Why is advergaming coming to the fore as a way to engage potential consumers with a brand and/or product? Because it asks for interaction on the part of a user that will likely provide a positive and fun experience with that particular brand and/or product.

The Best of Both Worlds

As we’ve heard time and again, branding has traditionally been a "lean back" experience, a passive state of being awash in moods and tones tied to sound, motion, and images that all work in concert to elicit an emotional response from an audience that will connect with a given product or service.

Direct response has traditionally been more of a "lean forward" experience, especially in the online space, where an audience is asked to submit actively to a call to action.

Involvement Branding?, or Engagement Branding, brings these two ideas together, allowing for the rhetorical -- or as is often the case, kinetic -- exercise of convincing an individual that by interacting with a given product or service that individual will alter his or her relationship with the world around them in a positive, meaningful way while at the same time allowing that individual to satisfy the constructed need within the confines of the medium in which the advertising was encountered.

This kind of engagement leads to a deeper and potentially more meaningful relationship with a brand or product.

“The likelihood of someone recalling a product/brand and remembering key message points goes up when people have this kind of involvement,” says Yahoo’s Riemer. “David Aakers of the Haas Business School writes, ‘Because greater involvement and active participation make the Web considerably different from more conventional media, any impact is likely to be more intense. Learning is more likely to be remembered and to influence future behavior; active involvement is more likely to create a bond between the brand and the person.’”

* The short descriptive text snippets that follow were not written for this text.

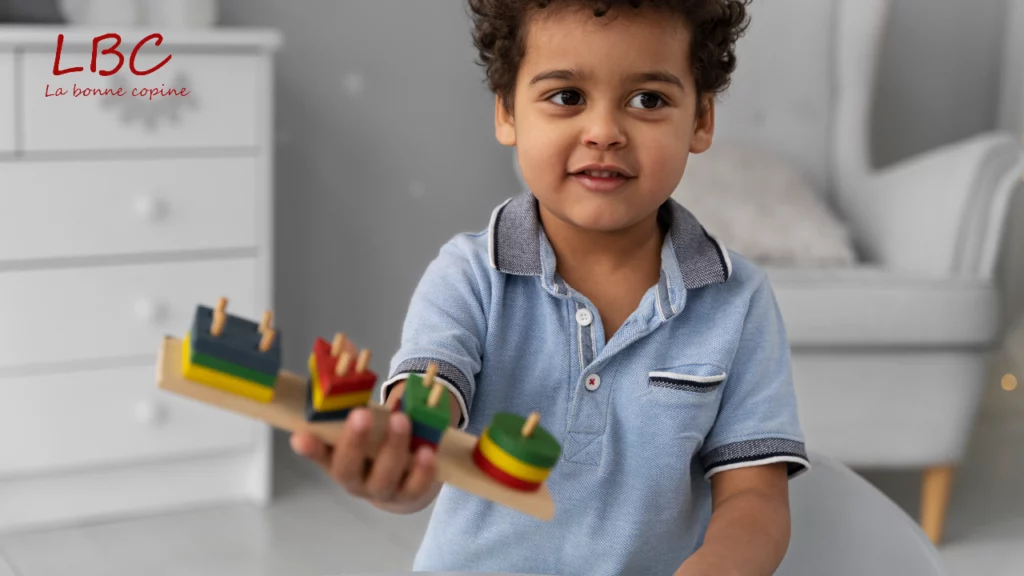 A smiling little boy proudly holding a colorful wooden toy in a modern living room | labonnecopine.com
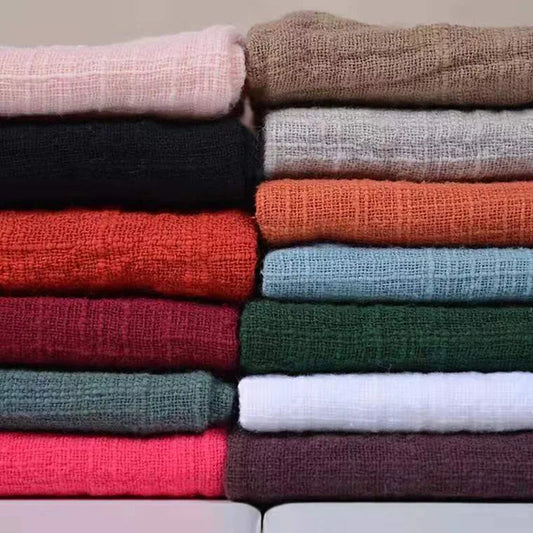 Stack of folded fabric swatches in various colors.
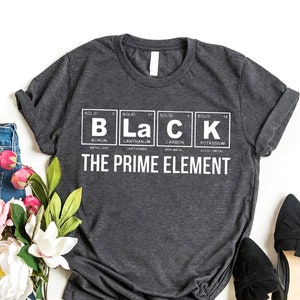 May include: A dark grey t-shirt with a white graphic design featuring the periodic table elements for Boron, Lanthanum, Carbon, and Potassium, spelling out the word "BLACK". The text "THE PRIME ELEMENT" is printed below the graphic.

Riemer and Aakers are not alone in their view, and it is a view that seems to make sense when looked at in the larger context of how it is that individuals come to understand their world around them. Mihaly Csikszentmihalyi, the former chairman of the Department of Psychology at the University of Chicago who developed the idea of the “flow experience” has seen his ideas become a staple in graduate marketing programs around the world, relatable as they are to marketing through engagement (not to mention his ideas were very popular in the early stages of the Web when site developers were trying to figure out how to create the best user experience in order to keep them coming back time and again). Those on the ground also see things in a similar light.

“If you can encourage interaction with a brand then that builds familiarity and increases the propensity to choose your brand over someone else’s,” states Treffiletti matter-of-factly.

Proceed With Caution

Not everyone in the industry is convinced that Involvement Branding? and the current efforts the idea has spawned are meaningful.

“The Internet enables someone to execute creative that can involve the user and then elicit the direct response, that’s all,” Koegel says, contrary to the popular belief du jour. “I am very cynical about online creative that gets people to play games – it makes sense for some types of companies but I think it’s dumb for others: Does the game really enhance the brand or just make it seem silly?”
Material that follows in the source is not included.